Employing MaxDiff to Predict the 2024 March Madness Results

Cameron Halversen

Last updated: 23 Apr 2024

Introduction

Right before this year’s (2024) NCAA March Madness tournament, Sawtooth Software put out a survey to find out how well we could predict the winning teams and build the ultimate bracket. The survey used a technique called maximum difference scaling (or MaxDiff), a powerful research tool that calculates preference scores for anything from brands and product features to ad messages and basketball teams.

Now that March Madness has wrapped up, we wanted to take a look to see how our MaxDiff results compare to the actual games.

MaxDiff Overview: What Is MaxDiff and How Does it Work?

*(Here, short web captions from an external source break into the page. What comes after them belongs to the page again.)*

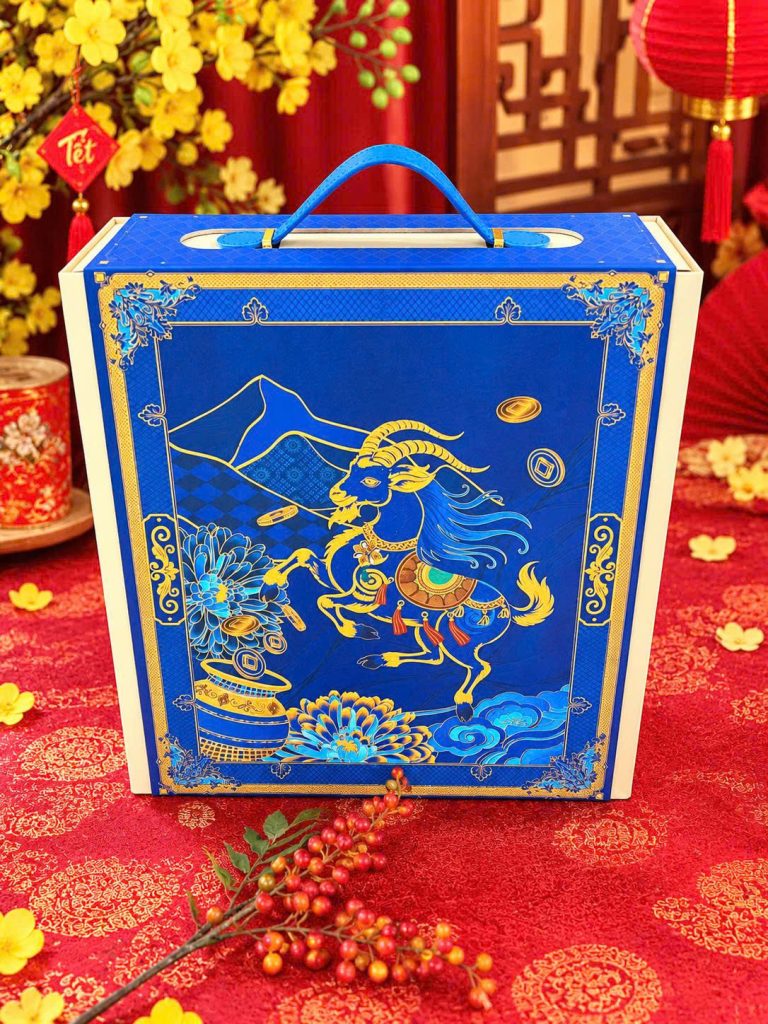 Hộp quà tết dạng vali màu xanh dương có quai xách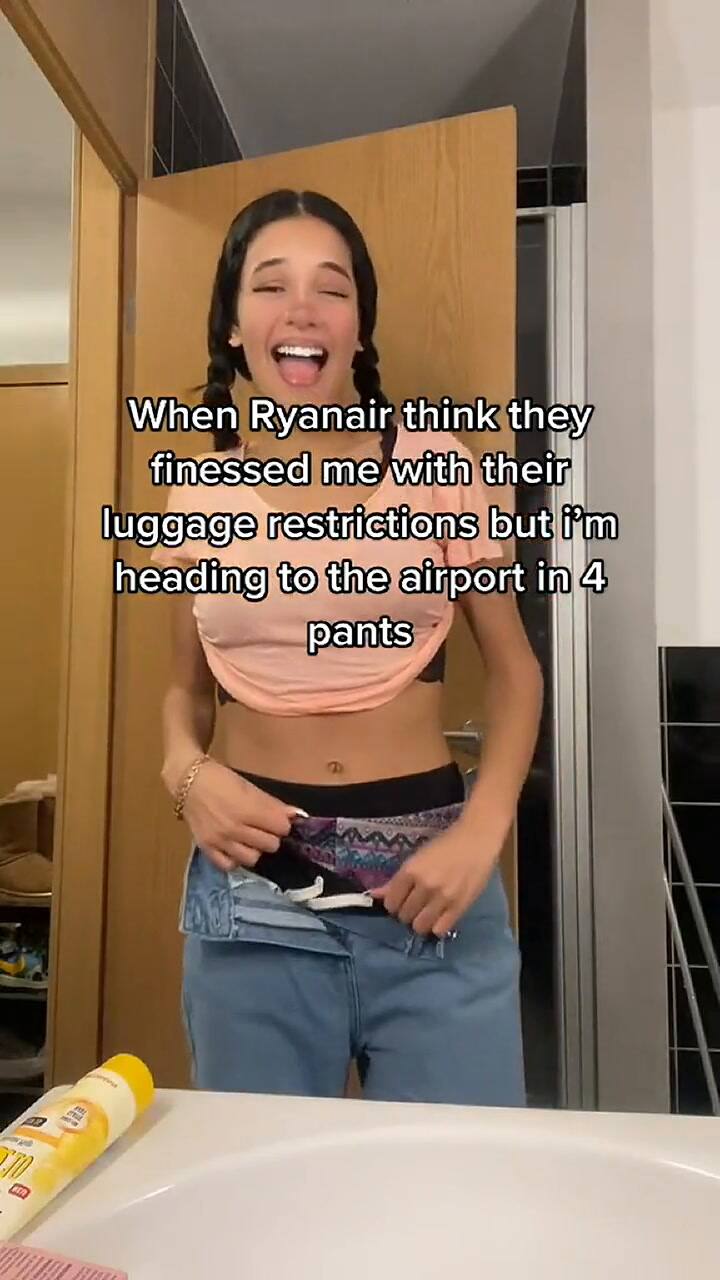 El insólito truco que usó una pasajera de una low cost para no tener que pagar el equipaje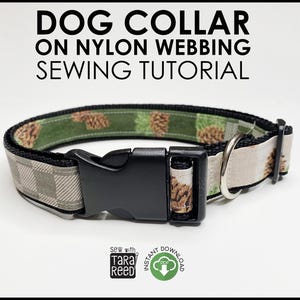 Pode incluir: Uma coleira para cães feita de correias de nylon, com uma fivela de plástico preta e um anel em D de metal prateado. A coleira apresenta um padrão de pinhas sobre um fundo verde e um padrão xadrez cinzento. O texto "DOG COLLAR ON NYLON WEBING SEWING TUTORIAL" está no topo.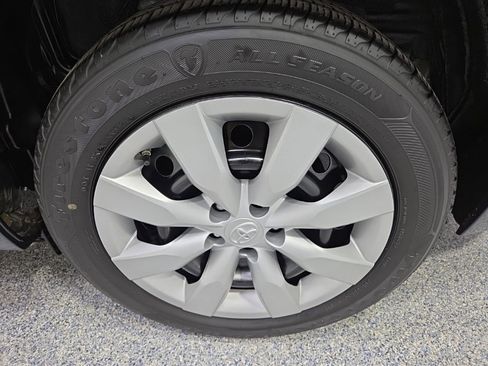 Used 2015 Toyota Corolla LE image 33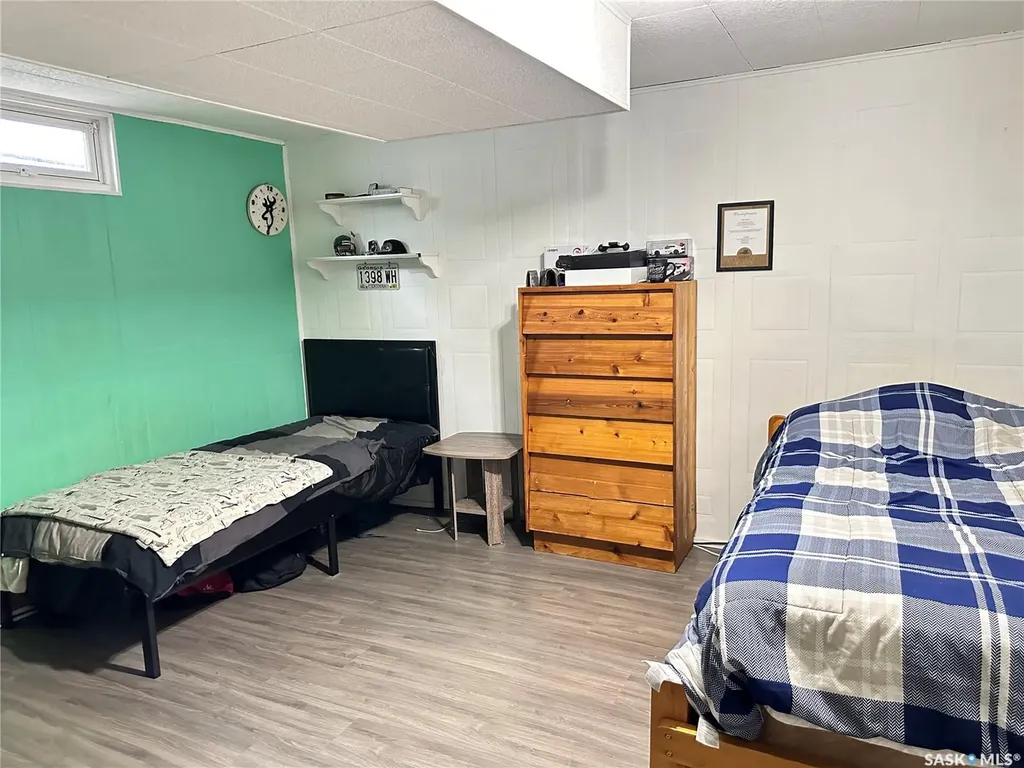 44 Campbell Place Clavet SK S0K 0Y0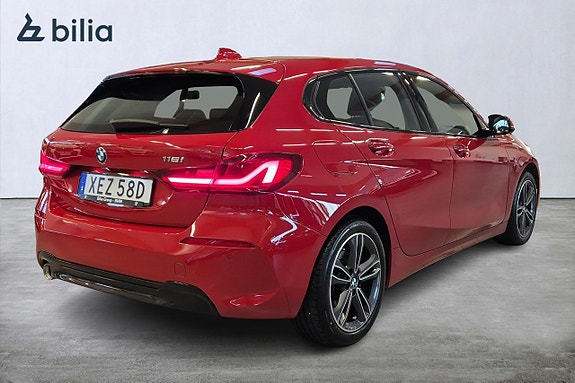 BMW 118i 16 of 18
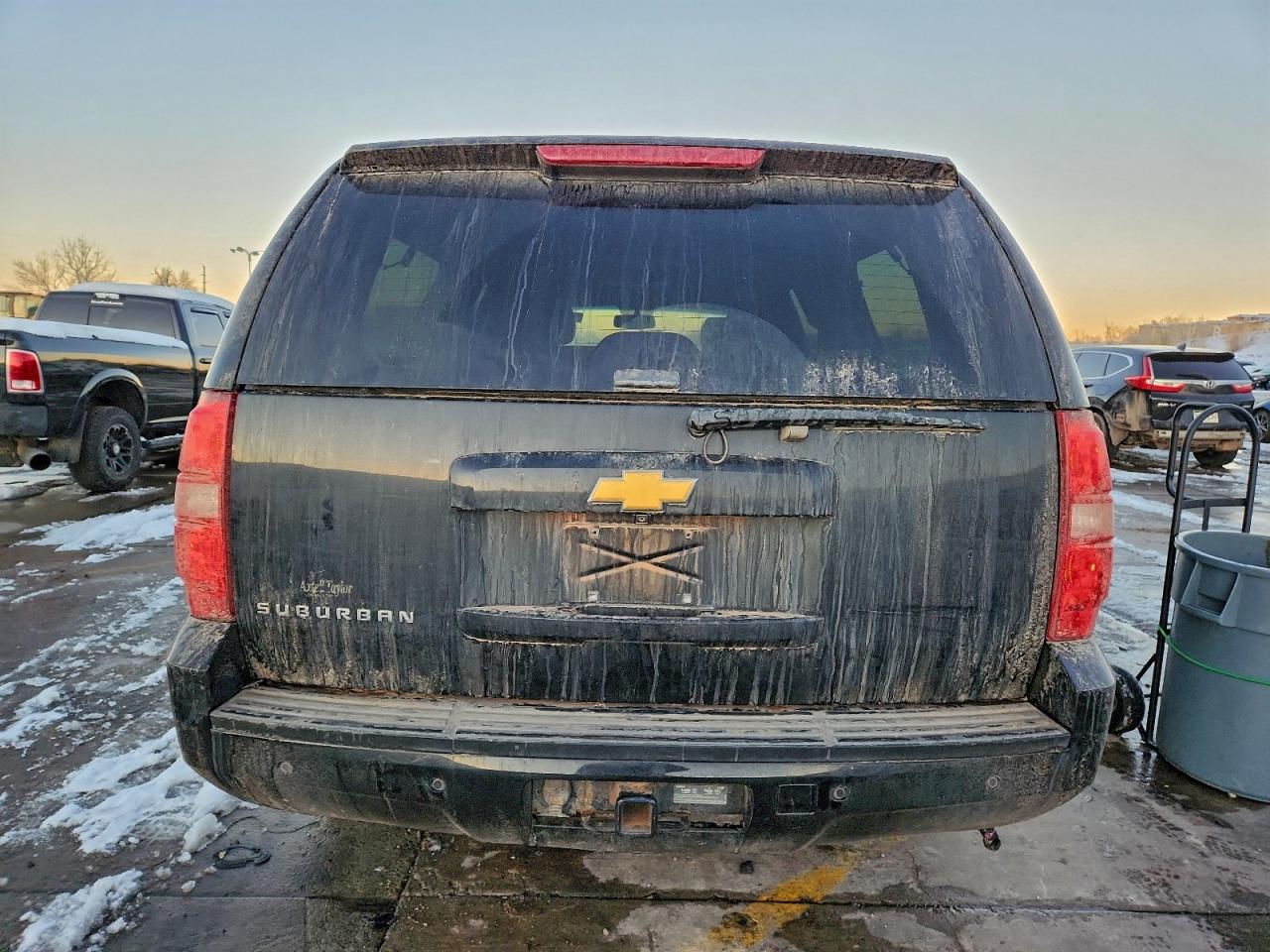 CHEVROLET SUBURBAN K1500 LT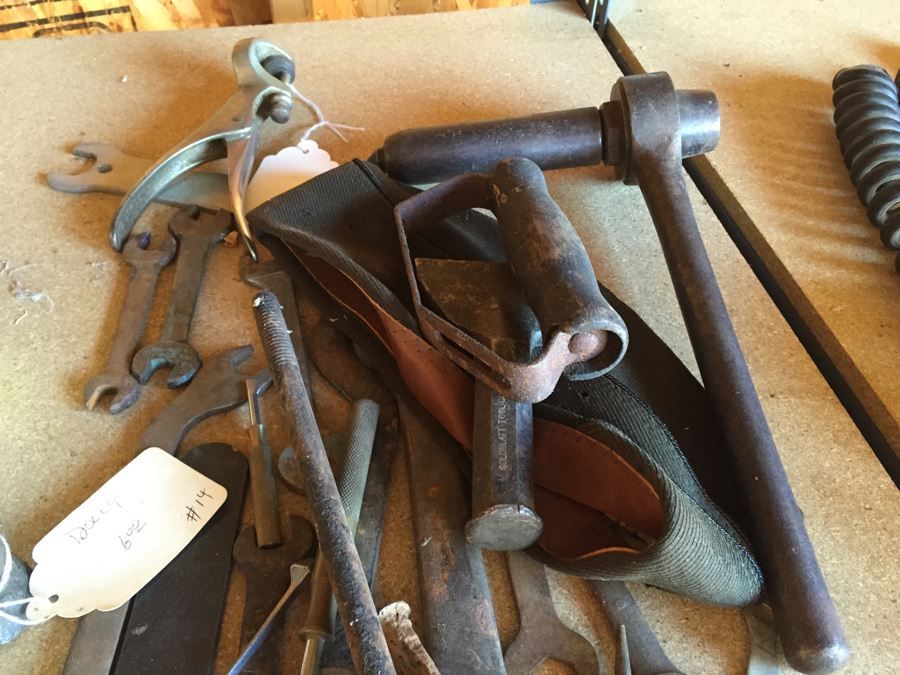 Tool Lot With Old Metal Chisels [Photo 13]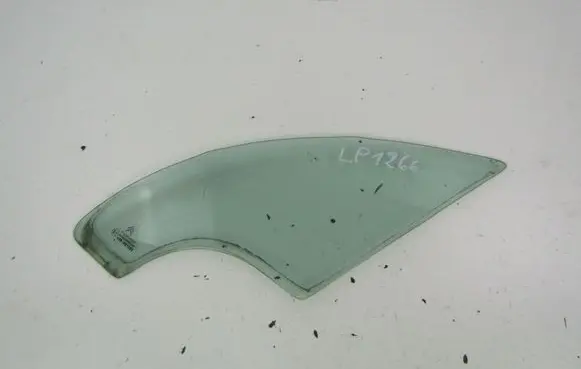 Citroen C3 Front triangle window/glass 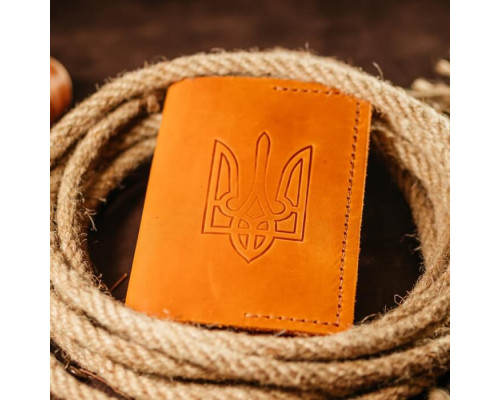 Чоловіча обкладинка на паспорт руда Тризуб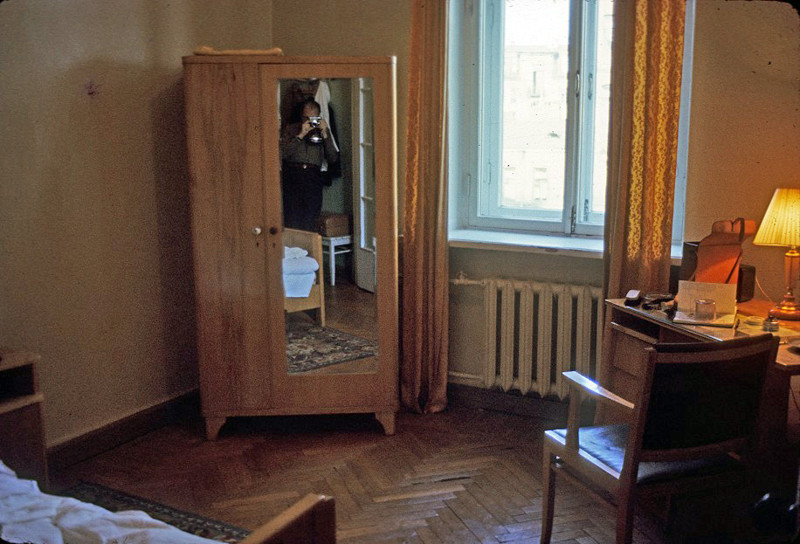 Номер в ленинградской гостинице "Октябрьская", запечатлённый иностранным туристом (1965 г.)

MaxDiff is a useful research tool for any time when we need to understand the relationship between a large set of items. For example, if we need to find which products are more or less interesting to customers, which features are more or less important to consumers, or which teams we think are more or less likely to win the championship.

In our case of the basketball teams, we could ask our survey respondents to rate every team’s likelihood of winning on a standard ratings scale. But with 68 teams competing, even on a 10-point scale we’ll end up with a lot of teams that have the exact same rating. So maybe we could have respondents rank all of the teams from #1 (most likely to win it all) to #68 (least likely to go all the way).

While a professional sportswriter might have the patience to rank every team one by one, I don’t know of many survey respondents who have that kind of time on their hands. Plus, ranking that many items at a time quickly becomes a difficult task, especially as you move lower down the list. Good luck figuring out the difference between the 33rd and 34th most likely winner.

MaxDiff is a more efficient way to get the sort of measurements that we’re looking for. In a MaxDiff survey, we take our long list of items (68 teams) and break it into smaller, carefully randomized subsets. Then all you have to do is choose the best and the worst option out of each of the subsets.

For example, in this question I can consider just these 5 teams at a time. A survey taker might say that of these 5, they thought that North Carolina was the most likely to win it all while Clemson was the least likely.

The magic efficiency of MaxDiff is that with just those two selections, we’ve already learned a ton about the relationships between all 5 teams. Now I know that this respondent believes that:

North Carolina beats Gonzaga
North Carolina beats Marquette
North Carolina beats Illinois
North Carolina beats Clemson
Gonzaga beats Clemson
Marquette beats Clemson
Illinois beats Clemson

In fact, of the 10 possible head-to-head matchups that we could see between these 5 teams, we’ve already made a prediction about 7 of them. And all it took was 2 clicks!

We’ll repeat the question with a new subset of teams and after a few more clicks we can learn about the relationship between all 68 teams in the rotation. We can analyze the answers from this and every survey respondent together by running a multinomial logistic regression (MNL) model, usually using a hierarchical Bayesian (HB) engine, which will distill all our collected answers into a set of “scores”. Higher scores for the teams that were chosen a “More Likely” to win and lower scores for the teams that were “Less Likely”.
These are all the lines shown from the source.